Cities, towns, states and their agencies issue tax-exempt bonds via the primary market (i.e., the market for new issues). These "deals" are sold either through a negotiated offering with a specific investment bank, or by means of a competitive bid process between a number of investment banks.
The bond issuer is largely responsible for the structure of the deal, in terms of its maturity schedule and redemption features. The underwriter of the deal then sets the coupon and interest rates. In a competitive new issue, the underwriter generally determines whether the bonds will use credit-enhancing insurance, such as that offered by MBIA, AMBAC, FGIC or FSA. Fifty to sixty percent of the new issue market is insured; a figure that reflects the low cost of insurance, which in turn reflects the creditworthiness of municipal bonds.

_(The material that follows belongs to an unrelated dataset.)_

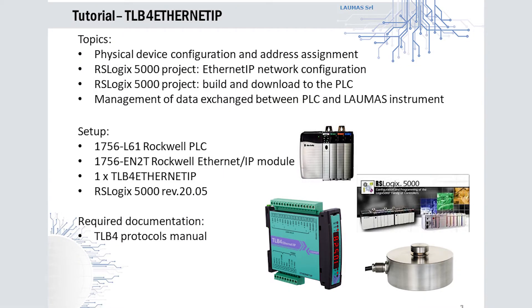Welcome to this video tutorial dedicated to the integration of a TLB4 multi-channel weighted transmitter into an Ethernet IP network managed by an Allen Bradley PLC using a generic module for configuring the data exchange.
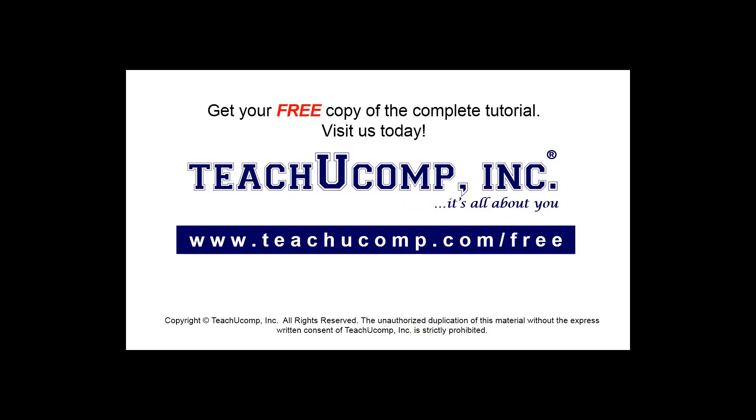Get your free copy of the complete tutorial at www.teachyoucomp.com/free.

Once underwritten, the bond issue is free to trade in the secondary market. This market is supported through the broker/dealer community, which puts buyers and sellers together. Acting as a dealer, a firm buys bonds for its own inventory to resell. Broker/dealers do not charge commission, working instead for the spread between the bid and offer.
What makes the municipal bond secondary market unique to most other securities markets is its fragmented nature. In direct contrast to the corporate bond market, there are a large number of small outstanding issues. In addition, the vast majority of municipal trades in the secondary market are for principal amounts less than $100,000.
The marketplace addresses this dynamic through a large network of regional broker/dealers. Regional dealers develop expertise in their particular markets, and are thus able to provide secondary market liquidity for even the most obscure issuers.